Wer kommt, will nicht mehr weg
Für das Leben im Dorf ist eine Phase der Anpassung notwendig. Die Frauen, die nach Jinwar kommen, entscheiden, nachdem sie das Leben im Dorf kennengelernt haben, ob sie bleiben wollen oder nicht. Rûmet berichtet: „Für die Frauen und Kinder gibt es eine Integrationsphase von einem Monat. In dieser Phase machen sie unter sich und in der Diskussion mit anderen aus, ob sie bleiben wollen oder nicht.

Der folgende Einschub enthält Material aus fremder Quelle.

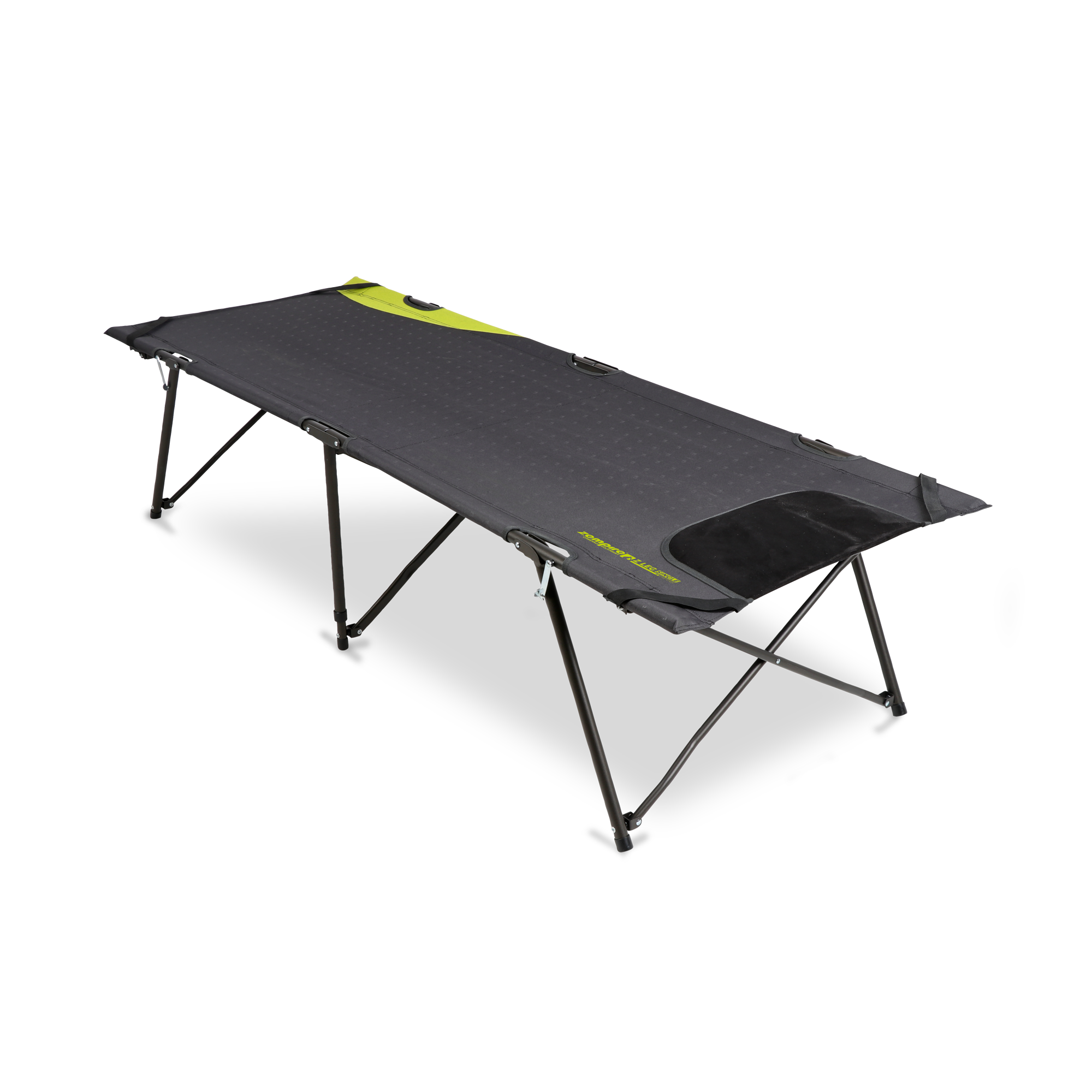 Z Leg Single Camp Cot Stretcher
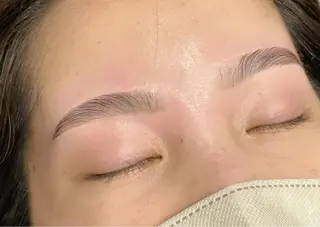 アイブロウ be_ なつきの眉毛・アイブロウイメージ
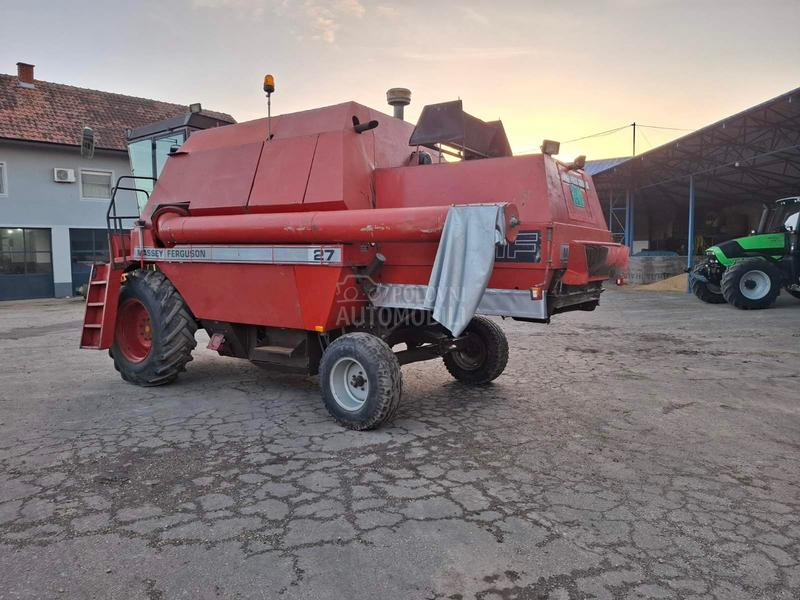 Massey Ferguson 27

Bisher ist keine wieder weggegangen.“
Frauenräte
Am Ende der Integrationsphase nehmen die Frauen am zweimonatig tagenden Rat des Dorfes teil. Hier wird das Leben im Dorf geplant. Der Rat wählt die Sprecherinnen, die jeden Monat abgelöst werden. Das Sicherheits- und Selbstverteidigungssystem des Dorfes geht ebenfalls aus diesem Rat hervor. Die Arbeit des Rates ist aber nicht auf Sicherheit beschränkt, vor allem wird das System der Kinderbetreuung und der Bildung kontinuierlich verfolgt. Rûmet sagt dazu: „In der Schule erhalten die Kinder Unterricht in Kurdisch und Arabisch. Wenn Frauen anderer Nationalität hierherkommen, können die entsprechenden Sprachen hinzugefügt werden.“
Verschiedene Religionen
Zum Leben im Frauendorf erklärt Rûmet weiter: „Aktuell leben hier Muslimas, Ezidinnen, Christinnen und Alevitinnen, und es gibt kein Problem. Die Vielfalt der Weltanschauungen stellt einen Reichtum und einen Maßstab der Solidarität dar. Wir haben die gemeinsamen Aspekte der Weltanschauungen hier im Dorf sehr deutlich gespürt.“
Die Ökonomie des Teilens
Das Brot des Dorfes Jinwar ist mittlerweile berühmt. Die Brote aus der Bäckerei Aşnan werden auch in den umliegenden Dörfern verteilt. Sie werden aus selbstangebautem Weizen hergestellt. Die Dorfbewohnerinnen teilen die Produkte und benutzen kein Geld. Die Felder werden gemeinsam und kooperativ bearbeitet. Rûmet spricht von sehr positiven Ergebnissen dieser Arbeit. Es wurden zu vielen anderen Dörfern auf Tauschhandel basierende Beziehungen aufgebaut. Rûmet sagt über Jinwar: „Dieses Dorf ist ein heiliges Projekt auf einem heiligen Stück Land.“
Jetzt ist das Dorf akut von der türkischen Invasion bedroht und musste aus Sicherheitsgründen geräumt werden.